There’s a clip making the rounds today of former Activision Blizzard CEO — and all-around video game fandom boogeyman — Bobby Kotick recalling a failed acquisition and fumbling the details. On a video podcast for venture capital firm Kleiner Perkins, featuring former EA exec Bing Gordon, Kotick confessed: “We actually had a bad acquisition. The company that was, um … in Manchester, that did the driving game for Xbox, and it was called, um …”

You can watch the whole thing here, around the 8-minute mark. So yeah, not a great look. But when I’m [checks Wikipedia] 62 years old, I suspect I may not remember something I did when I was [checks calculator app] 44 years old, which is basically how old I am now and I’m feeling a way about it. Will I remember writing this post? Who knows. But what I do remember is Bizarre Creations’ absolute showstopper of a game — one that my family still plays to this day.

No, not Blur — all respect to the Blur heads out there — and no, not “the driving game for Xbox,” though respect to the Project Gotham Racing fans as well. I’m of course talking about Geometry Wars, the game that helped establish a new kind of console game on Microsoft’s muscular sophomore effort and, in so doing, became arguably the Xbox 360’s best launch title. 

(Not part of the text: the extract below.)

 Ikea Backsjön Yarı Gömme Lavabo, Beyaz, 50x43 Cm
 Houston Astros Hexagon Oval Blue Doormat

Originally included inside Project Gotham Racing 2 on the original Xbox, Geometry Wars is a simple twin-stick shooter: left stick controls the ship, and right stick fires. That’s it! In one of my first jobs as a video game journalist (RIP Joystiq), I covered the Xbox 360 launch in the days leading up to its November 2005 release, and Geometry Wars: Retro Evolved – as the high-definition Xbox Live Arcade version was called — immediately impressed. I wrote, “If [Project Gotham Racing 3] isn’t the highlight of the 360 launch, Bizzarre’s other creation surely is!” 

I stand by it! 

In the weeks and months that followed, the rest of the Joystiq staff and I watched the global leaderboards with some combination of wonder and shock. They scored what now? The novelty of this kind of retro game being played on a high-def game console with the internet baked into its very fabric was the smallest of hints as to what was to come for video games, but it was a potent dose. We reported out high scores (congrats Striker and xTHeDoGgx) and challenged each other on the friends leaderboards. 

And now, Geometry Wars: Retro Evolved remains a family favorite on the Steam Deck, where its bite-sized sessions coupled with some healthy father-son competition have reminded me how durable this game’s formula is, almost twenty years later. So even if you don’t remember the name of the studio, or the city it was based in — Liverpool, by the way — you should remember Geometry Wars. Activision did close Bizarre Creations in 2011, following the launch of racing title Blur, and after some various moves, a handful of that team has reconstituted itself at Lucid Games, who managed to release Geometry Wars 3: Dimensions in 2014, marking the franchise’s first PlayStation release.  

And if you haven’t played it, I have good news for you! You can still purchase the original on the Xbox store for the same $4.99 it cost in 2005, or on Steam where it’s currently going for $1.99 – that’s less than a gas station coffee! If you’re more of a PlayStation person, you can snag Geometry Wars 3 for $14.99 which is basically the price of a really fancy coffee nowadays (don’t fact-check me). 

I’m curious if any of you share my fondness for this game; let me know below. See you on the leaderboards.